Work item
Once the line holding "senior woman assisted by caregiver" is found, output it and all remaining lines of the data exactly, with every picture left out.

============

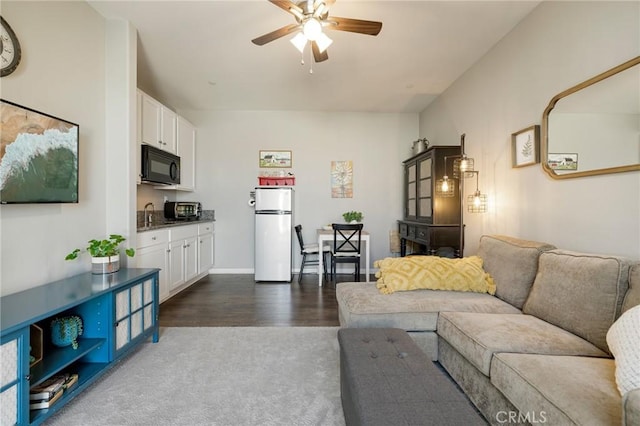30688 Lone Pine Dr, Menifee, CA 92584 - living area featuring ceiling fan, dark wood finished floors, and dark carpet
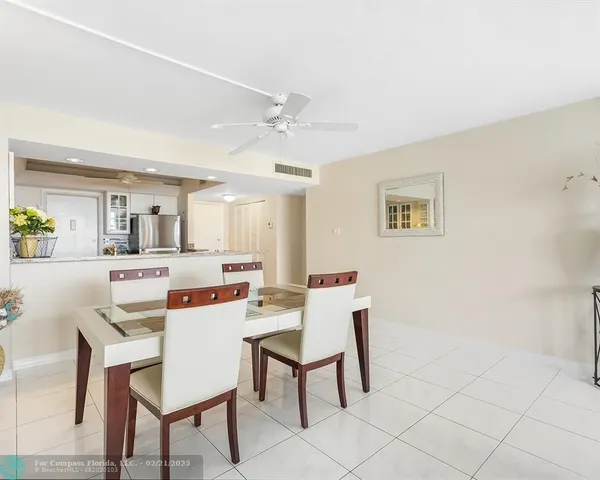 a dining room with a table and chairs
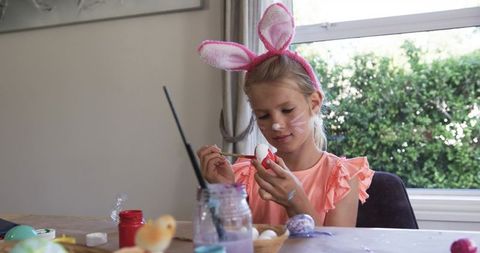 Girl wearing bunny ears painting easter eggs at table, spring craft and family fun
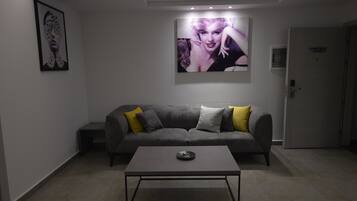 A modern room with a grey sofa, a coffee table, and a large framed picture on the wall.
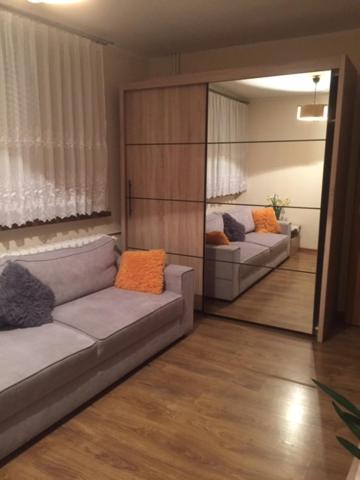 a living room with a couch and a mirror at Mieszkanie Diamentowa in Gdańsk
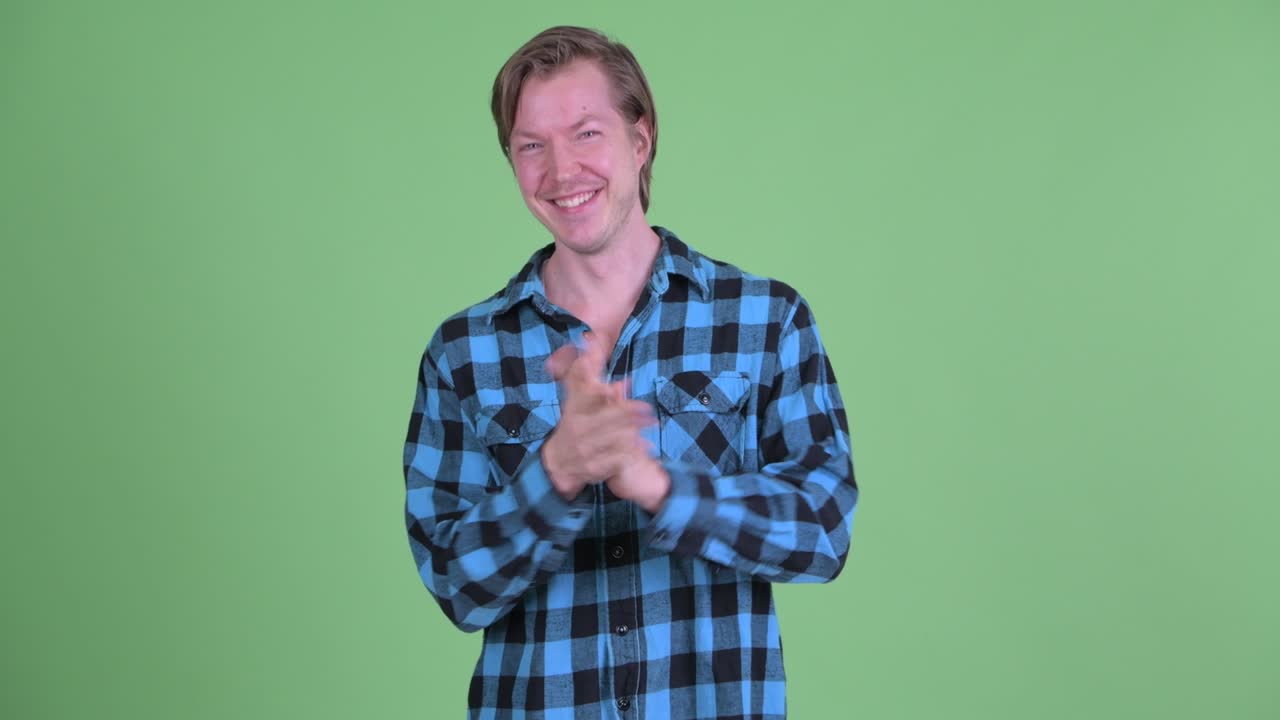 녹색 스튜디오 배경 에 찍힌 백인 남자 의 초상화 가 미소 짓고 박수를 치고 있다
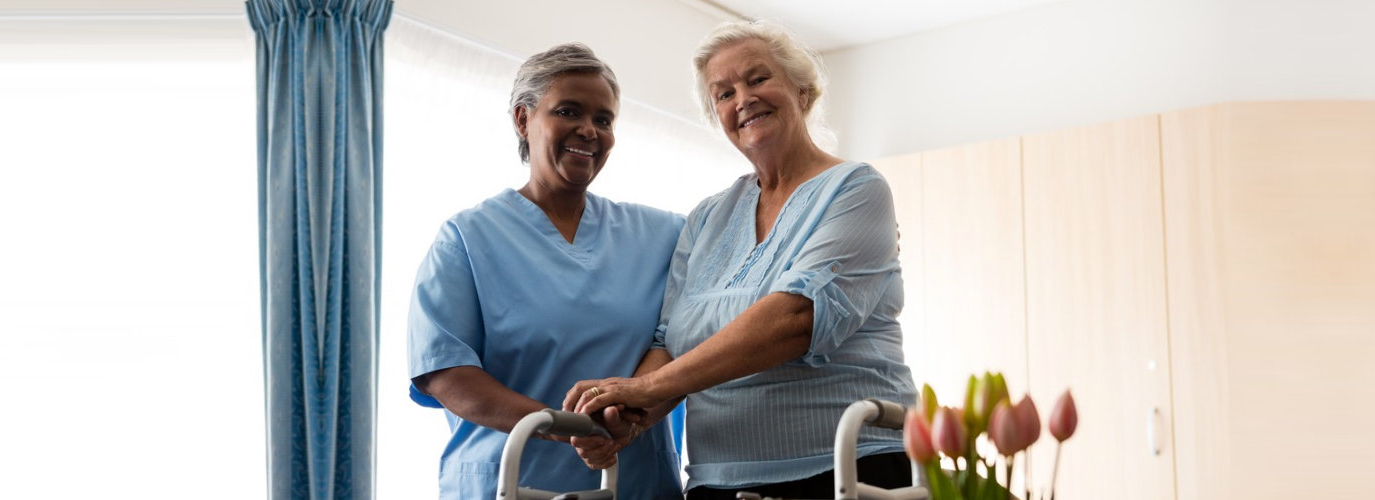 senior woman assisted by caregiver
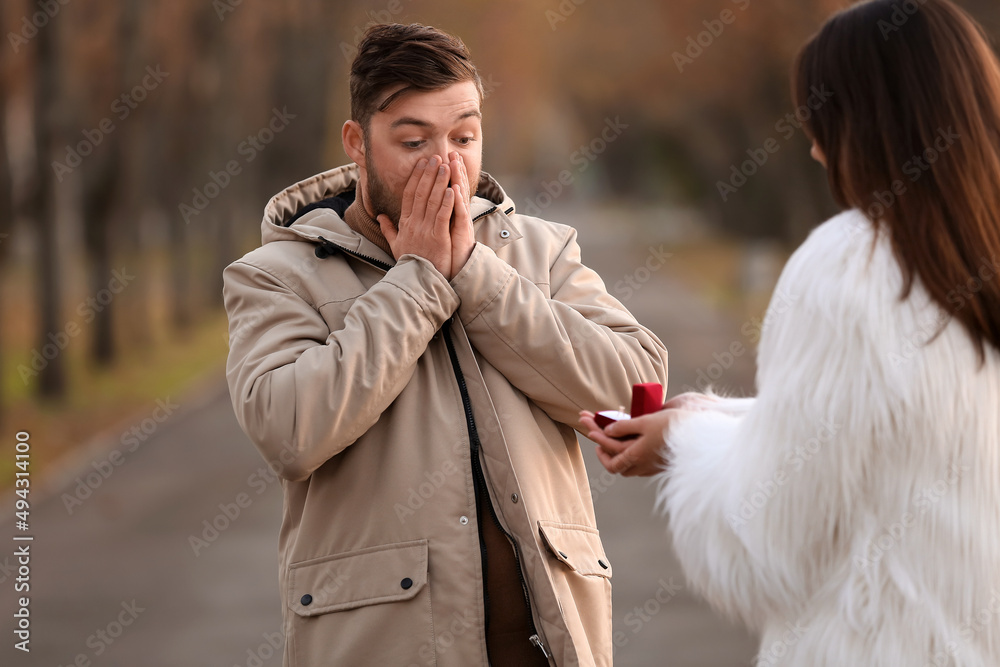 年轻女子在公园向她惊讶的男友求婚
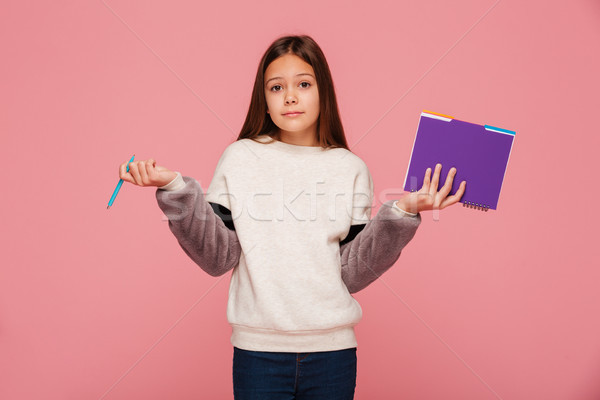 Calm serious girl looking camera and don't know what to do isolated Stock photo © deandrobot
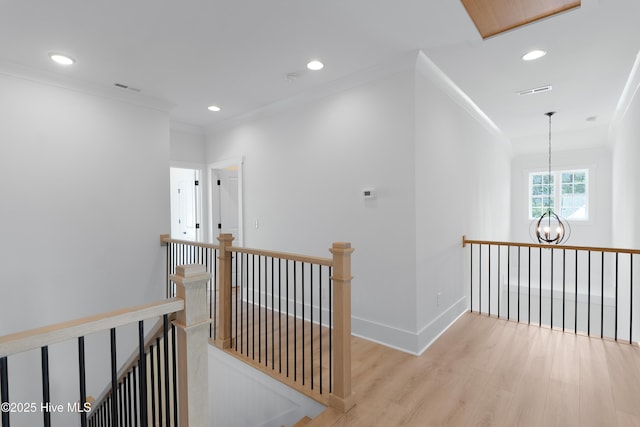 316 Lightning Bug Ln, Holly Ridge, NC 28445 - hall with visible vents, an upstairs landing, wood finished floors, a chandelier, and recessed lighting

============

Result of this exercise
 senior woman assisted by caregiver
 年轻女子在公园向她惊讶的男友求婚
 Calm serious girl looking camera and don't know what to do isolated Stock photo © deandrobot
 316 Lightning Bug Ln, Holly Ridge, NC 28445 - hall with visible vents, an upstairs landing, wood finished floors, a chandelier, and recessed lighting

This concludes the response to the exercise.